Му Яньли холодно взглянула на него:

— Главе Цзян не обязательно говорить за него. Даже если он не имел намерений низвергнуть мир совершенствования, сотворенного им ранее зла более чем достаточно для того, чтобы препроводить его в Цитадель Тяньинь для дознания.

Закончив свою речь, она подняла руку и приказала стоящей за ее спиной страже:

— Арестуйте и уведите Мо Жаня.

— Подождите немного!

Му Яньли искоса глянула на Сюэ Чжэнъюна:

— Уважаемый хозяин Сюэ желает еще что-то сказать?

Лицо Сюэ Чжэнъюна то краснело, то бледнело — похоже, он и сам не совсем понимал, зачем остановил Му Яньли. И все-таки за столько лет он привык считать Мо Жаня частью своей семьи, поэтому не мог, сложив руки, наблюдать, как его вот так уводят люди из Цитадели Тяньинь.

Но что же он должен был сказать? Уговорить их остаться здесь еще на какое-то время?

Сюэ Чжэнъюн закрыл глаза, пытаясь справиться с нервной зубной дробью. В этот момент ему казалось, что он продрог до костей. Словно какую-то очень важную вещь вырезали из его сердца, и теперь на ее месте образовалась источающая ледяной холод пустота.

Он уткнулся лицом в ладони. Этот человек всегда был статным, жизнерадостным и полным сил, но сейчас в одно мгновение вдруг разом сгорбился и постарел.

— Уважаемый глава Сюэ желает сказать несколько напутственных слов своему племяннику?

По натуре своей Му Яньли была весьма язвительной и безжалостной женщиной, вот и сейчас, умышленно или нет, но она сделала акцент на этом «племянник», заставив Сюэ Чжэнъюна затрепетать, подобно подхваченной порывом ветра пушинке.

— Я… — у Сюэ Чжэнъюна перехватило горло. — Жань-эр… Мо Жань…

Теперь он даже не знал, как его называть. Однако Мо Жань не хотел и дальше ставить его в затруднительное положение.
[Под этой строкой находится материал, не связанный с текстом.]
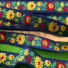 Kép 1/3 - Hímzett szalag – Matyó mintával, kék alapon sárga-piros virággal, 4cm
Закрыв глаза, он сделал шаг вперед и, не проронив ни слова, повернулся к Сюэ Чжэнъюну, чтобы преклонить колени и почтительно поклониться ему до земли.

Трижды он поклонился и каждый раз трижды коснулся лбом пола[263.1].

Кто-то прошептал:

— Подождите, зачем он вообще это делает?

— Да просто строит из себя святую невинность…

Мо Жань не обратил на этих людей никакого внимания. Закончив, он поднялся на ноги и собирался выйти, но в этот момент в Зал Даньсинь вдруг ворвался Сюэ Мэн. Его Лунчэн покрывала черная кровь, было видно, что он по-настоящему потрясен:

— Снаружи!..

— Что случилось?

— Снаружи множество трупов, контролируемых Вэйци Чжэньлун, и среди них немало упокоенных на горе Цзяо мертвых героев Духовной школы Жуфэн!

Толпа содрогнулась от ужаса! Люди бросились к дверям, чтобы увидеть, что в четырех сотнях метров над Пиком Сышэн зависло похожее на огромную тучу несметное количество заклинателей на мечах. Половина из прибывших была одета в черные одежды, их лица скрывали маски. Вторая половина была облачена в одежды, подпоясанные хоругвью с вышитыми журавлями, их глаза прикрывала шелковая лента. Несомненно это были почившие великие герои из могильного кургана Духовной школы Жуфэн.

— Что? Что происходит?!

— Разве Наньгун Сы не утянул все эти трупы под землю? Почему они все опять выбрались наружу! Кто смог снять его запрет?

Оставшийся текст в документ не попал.